Lynn’s article is reprinted on the NPI site (without attribution) from a volume of essays entitled Race and the American Prospect, which claims to “puncture several ‘politically correct’—but scientifically false, and socially suicidal—myths about race.” Reviews cited on its back cover praise it for “point[ing] out the rareness of successful multiracial or even biracial societies and show[ing] how the pursuit of this ideal in the U.S. has brought the increasing self-degradation of the majority white population.” Contributors include prominent white supremacists such as Jared Taylor, whose site Pharos has documented, and it was published by the same organization as the white nationalist magazine The Occidental Quarterly, whose editor, Kevin MacDonald, is cited with approval in a homophobic article we described. The book begins with an epigraph taken from the Roman poet Horace’s Epistles (1.10.24): “Though you drive out nature with a pitch-fork, still she will ever return.” This line seems to have been chosen to support contributors’ fundamental belief that racial differences are in some sense natural and that attempts to say otherwise simply deny an unavoidable reality. Like Lynn’s appropriation of Galen, it also serves to imply that the racist ideas in the book are simply restatements of ancient, and, in their view, therefore unquestionable, views of human nature.

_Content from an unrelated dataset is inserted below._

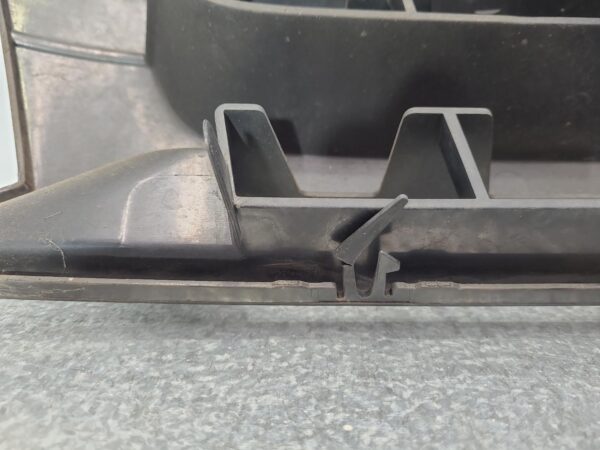 VOLKSWAGEN TRANSPORTER T5 09/2009-06/2015 RADIATOR GRILLE BLACK - Image 8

We consulted the following scholarship in preparing this post:

Galen, Selected Works, translated by Peter N. Singer (1997).

Ibn Khaldun, The Muqaddimah: An Introduction to History, translated by Franz Rosenthal. Ibn Khaldun’s rejection of Al-Mas’udi’s citation of Galen appears at the end of the “Fourth Prefatory Discussion: The Influence of Climate Upon Human Character.”

Kennedy, Rebecca et al., Race and Ethnicity in the Classical World: An Anthology of Primary Sources in Translation (2013).

Muhamad, Akbar, “The Image of Africans in Arabic Literature,” in Slaves and Slavery in Muslim Africa. volume one: Islam and the Ideology of Enslavement, edited by John Ralph Willis (1985). This essay may be the origin of the translation of Al Mas’udi’s reference to Galen that appears widely online. Two earlier discussions (Bernard Lewis’ Race and Color in Islam (1972) and Giovanni Vantini’s Oriental Sources Concerning Nubia (1975)) provide different translations. Neither indicates what passage, if any, in Galen Al-Mas’udi is quoting.


As no complete English translation exists of Al-Mas’udi’s work, we have relied on the French translation of de Meynard and de Courteille, as revised by Charles Pellat and published as Les Prairies d’Or (1962).

We have linked to an archived version of NPI’s article to avoid generating traffic to their site. The original article may be viewed here.